1/30/2011—Amy Chua used to be a serious person. Her 2003 book World on Fire argued that democracy in a free-market globalizing context unleashes powerful ethnic and other hatreds, including resentment against the United States and Israel, which are expressed in religious terms. Her second book, Day of Empire, “examine[d] seven major empires and posit[ed] that their success depended on their tolerance of minorities.” (from Wikipedia) She was and is a Yale Law Professor.
But now she has published a memoir of raising her two daughters using strict, sort of Chinese techniques, Battle Hymn of the Tiger Mother. She might as well have written Fear of Flying.

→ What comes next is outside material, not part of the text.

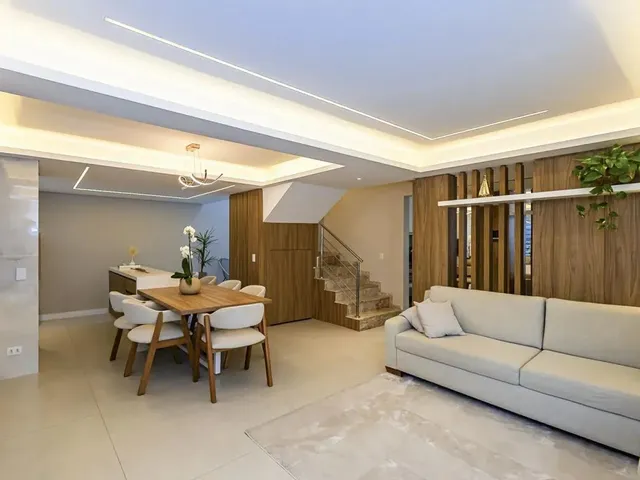 Casa com 200m² 3 quartos e 4 banheiros, à venda, no bairro Xaxim em Curitiba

I would not read the book and I don’t have to. I did read a long excerpt in the Wall Street Journal. All I had to read was the phrase “tons of studies” to know that Chua had written, ironically, a lazy book. Instead of pushing herself to do her job, instead of continuing to contribute to international affairs, instead of even doing serious study of parenting, she chose to push her kids and then crow about it. Talk about Western self-indulgence. Why did no one ask her whether Chinese mothers write memoirs?
I’ve seen this script before and I have one piece of advice for these strict mothers, or fathers: push yourself and leave your kids alone.
There are many ways to raise a child. The most important ingredient is love. The goal is a healthy person. Working through the night on a piano piece without stopping to go to the bathroom is very likely to lead to a neurotic. There are much better ways to teach tenacity. And compassion.
Maybe this lifestyle will work out for Chua’s kids. As I say, there are many ways. But you can tell that Chua never did much oral argument as an attorney. If she had, some judge would have told her that an anecdote is not an argument.